Sesungguhnya ilmu kimia itu sendiri merupakan ilmu reaksi, bukan ilmu
yang menyangkut mengubah sesuatu menjadi benda lain, karena sesungguhnya
yang dapat melakukan hal itu hanyalah Allah semata Allah Swt. telah
berfirman:
{يَا أَيُّهَا النَّاسُ ضُرِبَ مَثَلٌ فَاسْتَمِعُوا لَهُ إِنَّ الَّذِينَ
تَدْعُونَ مِنْ دُونِ اللَّهِ لَنْ يَخْلُقُوا ذُبَابًا وَلَوِ اجْتَمَعُوا
لَهُ}
Hai manusia, telah dibuat perumpamaan, maka dengarkanlah olehmu
perumpamaan itu. Sesungguhnya segala yang kamu seru selain Allah
sekali-kali tidak dapat menciptakan seekor lalat pun. Walaupun mereka
bersatu untuk menciptakannya. (Al-Hajj: 73)
Di dalam kitab sahih disebutkan bahwa Rasulullah Saw. pernah bersabda:
"يَقُولُ اللَّهُ تَعَالَى: ومَنْ أَظْلَمُ مِمَّنْ ذَهَبَ يَخْلُقُ كَخَلْقِي، فَلْيَخْلُقُوا ذَرَّةً، فَلْيَخْلُقُوا شُعَيْرَةً"

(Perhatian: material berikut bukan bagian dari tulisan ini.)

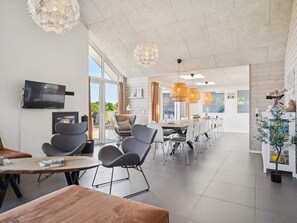 Et moderne interiør med spiseplads, køkken og et stort vindue.
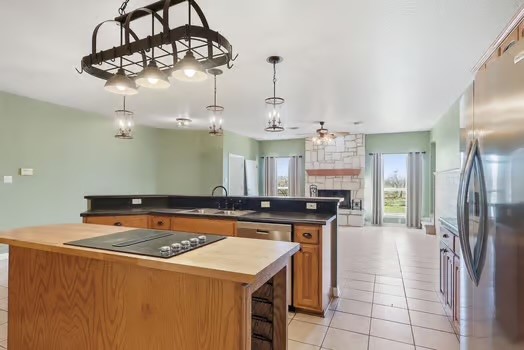 901 Kunde Road Seguin, TX 78155 - Photo 3 of 24 a kitchen with stainless steel appliances granite countertop a sink a stove and a refrigerator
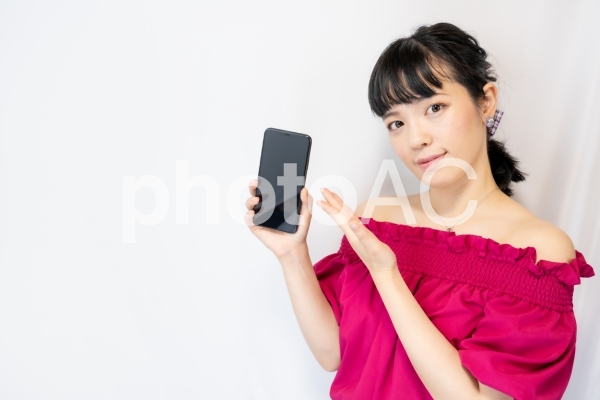 スマホを手で示す女性(白背景) スマホを手で示す女性(白背景)の写真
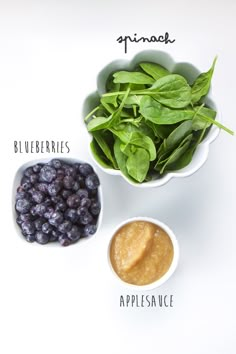 blueberries, applesauce and spinach in small bowls on a white surface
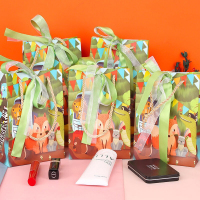 Sac de traitement de papier de goodie de cosmétiques de luxe de vente entière avec l'arc de ruban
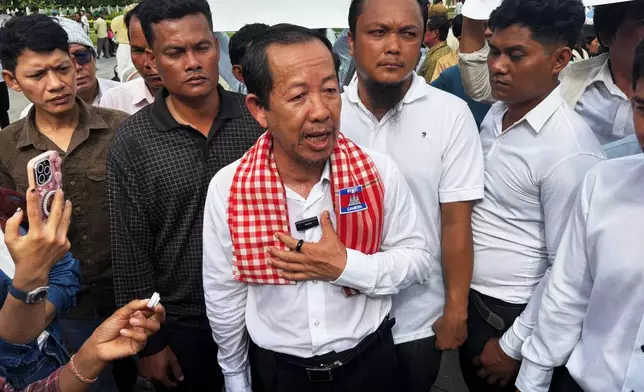 Rong Chhun, a top adviser to the Nation Power Party and a prominent opposition politician, stands with supporters outside Cambodia's Supreme Court in Phnom Penh, Friday, June 19, 2026. (AP Photo/Sopheng Cheang)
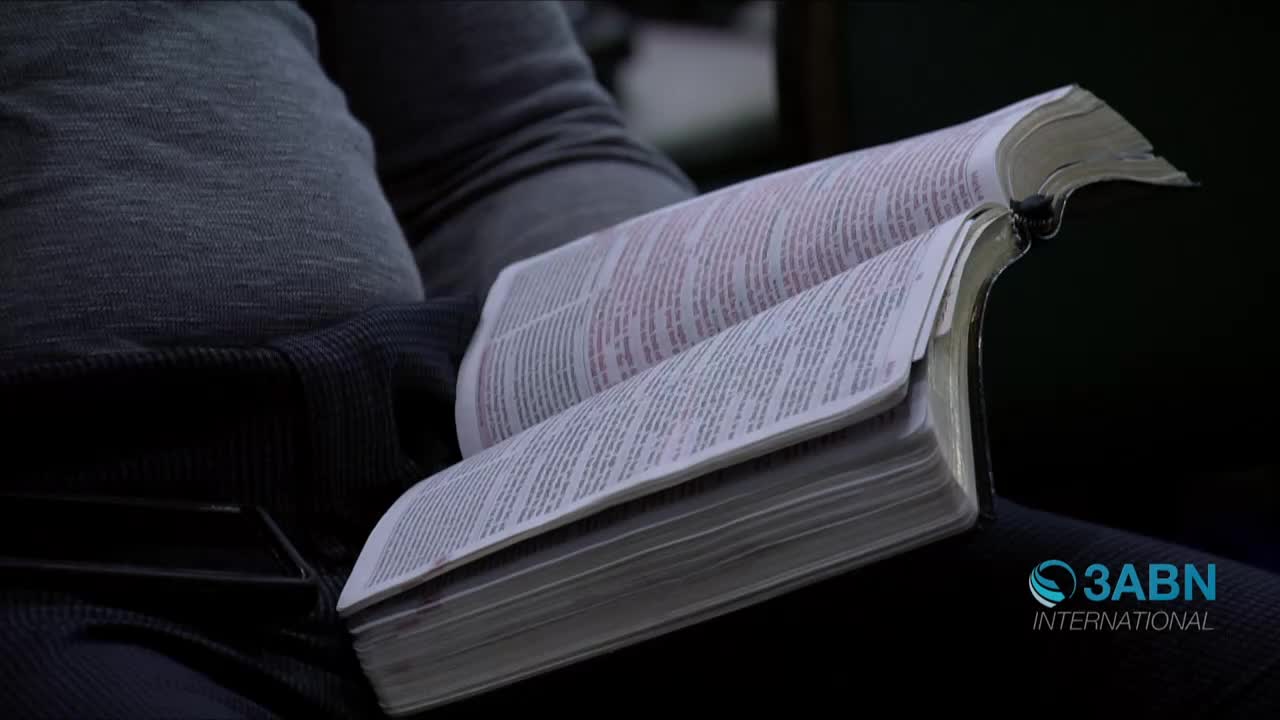 An open Bible rests in someone's lap, the pages curved and illuminated. The logo for 3ABN International is visible in the corner.
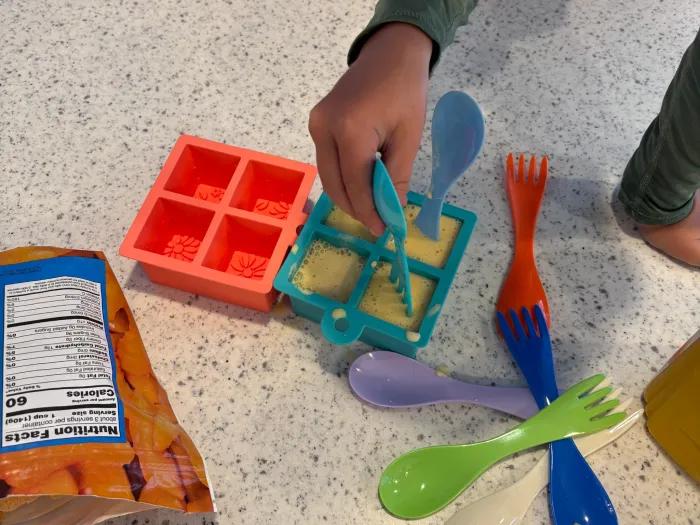 child placing plastic utensil into popsicle mold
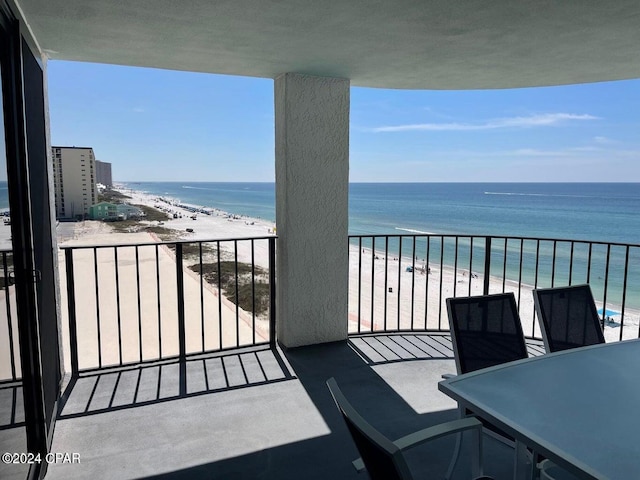 balcony featuring a beach view and a water view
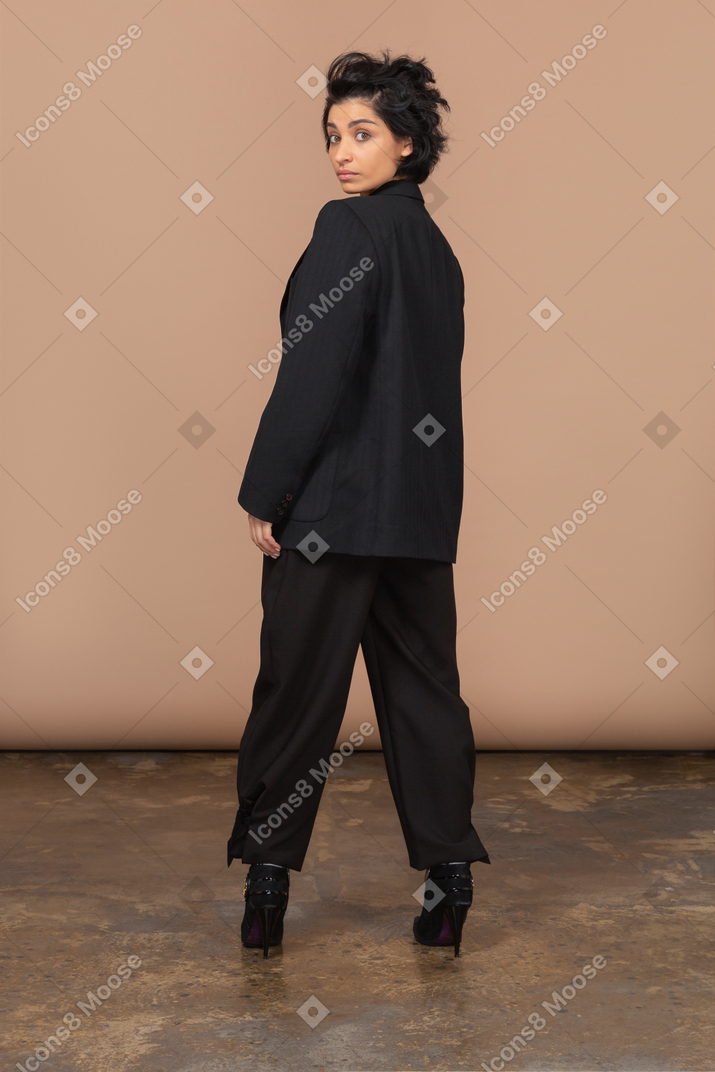 Vista traseira de uma empresária de terno preto e olhando para a câmera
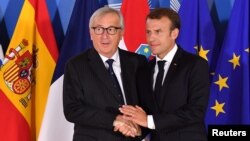 FILE - European Commission President Jean-Claude Juncker, left, shakes hands with French President Emmanuel Macron during an informal EU summit on migration at EU headquarters in Brussels, Belgium, June 24, 2018.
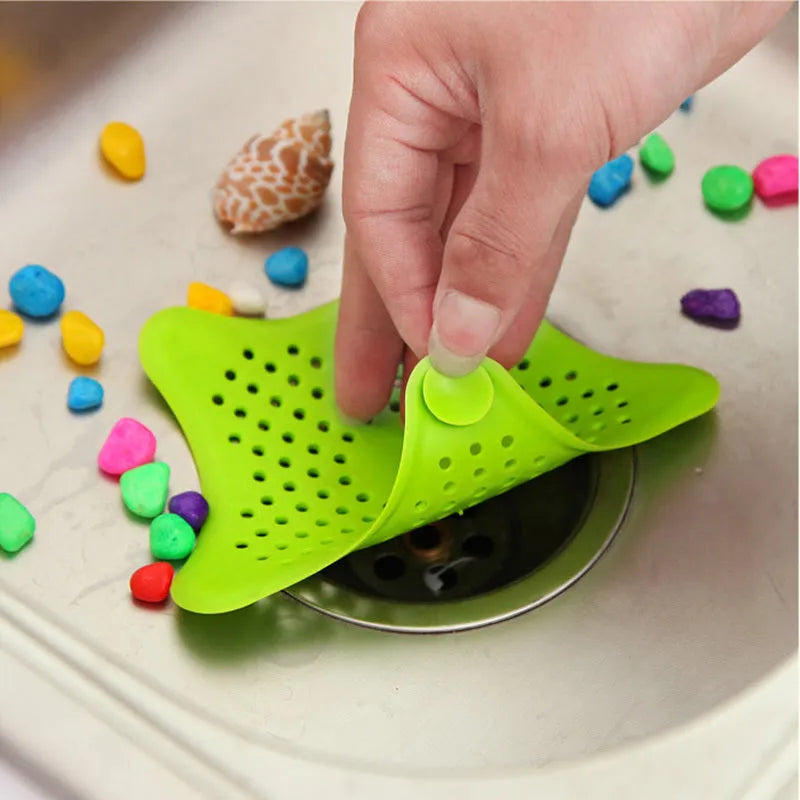 Three silicone starfish sink drain strainers in white, blue, and green with suction cups on bottom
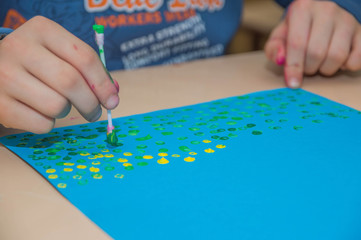 education, school, art and painting concept - showing painted hands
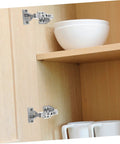 Rock Solid Stainless Steel Concealed Cabinet Hinges With Slick Silent Soft Close Self Closing Design For Kitchen Cupboards mounted on wooden shelf.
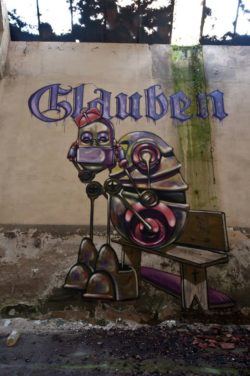 A fed up robot sits beneath the German word for BELIEVE in this street art painting by Pixel Pancho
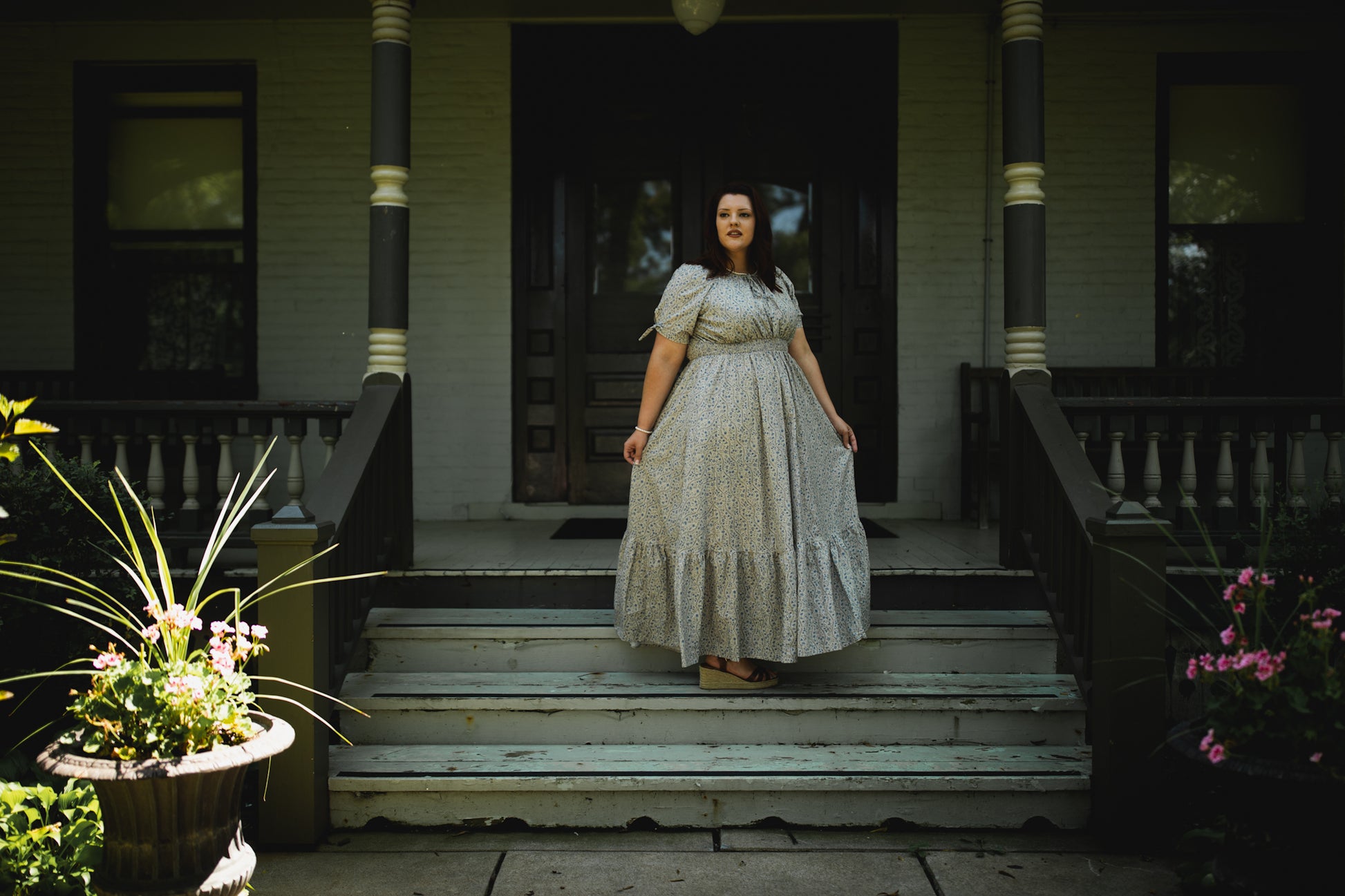woman in patterned modest nursing dress
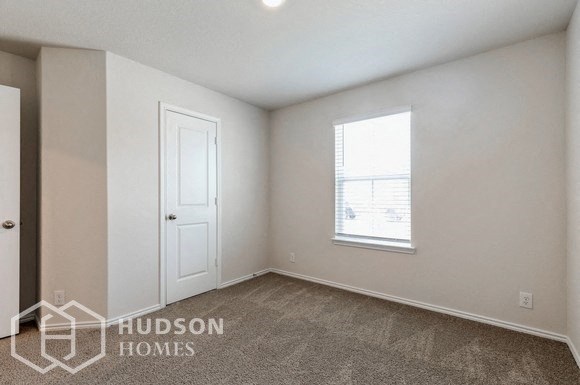 a bedroom with a white door and a window
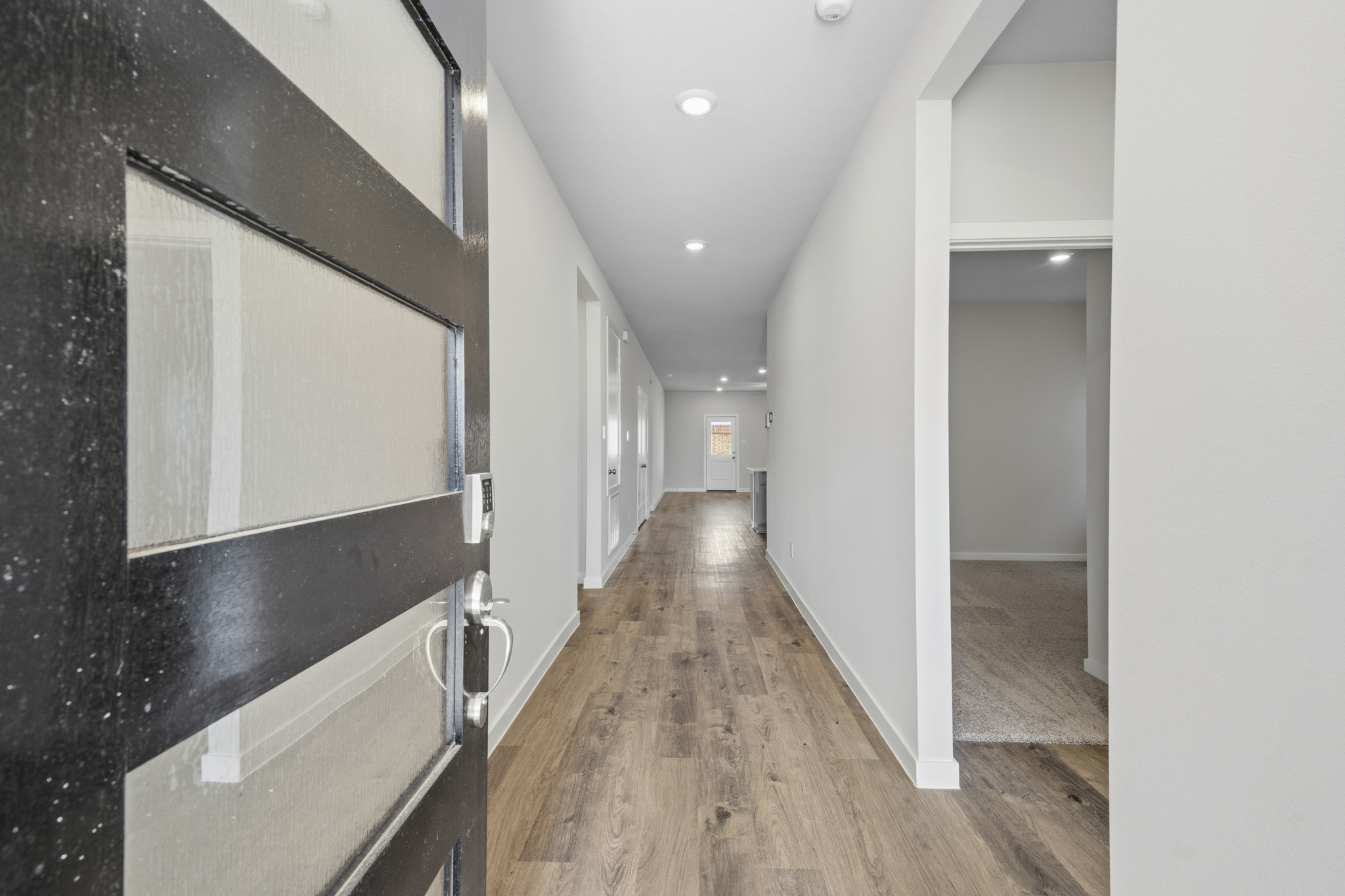 A hallway with a mirror.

Allah Swt. telah berfirman, "Dan siapakah yang lebih aniaya selain dari
orang yang menciptakan ciptaan seperti ciptaan-Ku, maka silakanlah
mereka menciptakan biji jagung dan silakan mereka menciptakan biji
gandum.”
Hadis ini berkaitan dengan ancaman yang ditujukan terhadap orang-orang
yang membuat sesuatu yang mirip dengan ciptaan Allah hanya dalam bentuk
lahiriah atau gambarnya saja. Maka terlebih lagi ancaman yang ditujukan
terhadap orang yang mengakui bahwa dirinya mampu mengubah suatu benda
menjadi benda yang lain; hal ini jelas batil dan mustahil. Sesungguhnya
batas kemampuan mereka hanyalah meniru bentuk lahiriahnya saja atau
imitasinya, tetapi hakikatnya palsu dan tidak benar serta merupakan
kamuflase belaka. Belum pernah terbuktikan ada suatu kebenaran yang
dilakukan oleh seseorang melalui cara yang biasa dilakukan oleh para
pendusta lagi fasik dan bodoh itu suatu kenyataan yang dapat mengubah
suatu benda ke benda yang lain.
Adapun mengenai peristiwa yang bertentangan dengan hukum alam yang
dilakukan oleh para wali (kekasih Allah), misalnya mengubah sesuatu
benda menjadi emas atau perak, atau hal lainnya. Maka hal seperti ini
tiada seorang muslim pun yang mengingkari kebenarannya, karena proses
kejadiannya berdasarkan kehendak Allah dan dengan seizin-Nya, serta pada
hakikatnya Allah-lah yang melakukannya. Dan hal seperti ini sama sekali
bukan termasuk ke dalam ilmu sulap atau ilmu kimia atau ilmu sihir.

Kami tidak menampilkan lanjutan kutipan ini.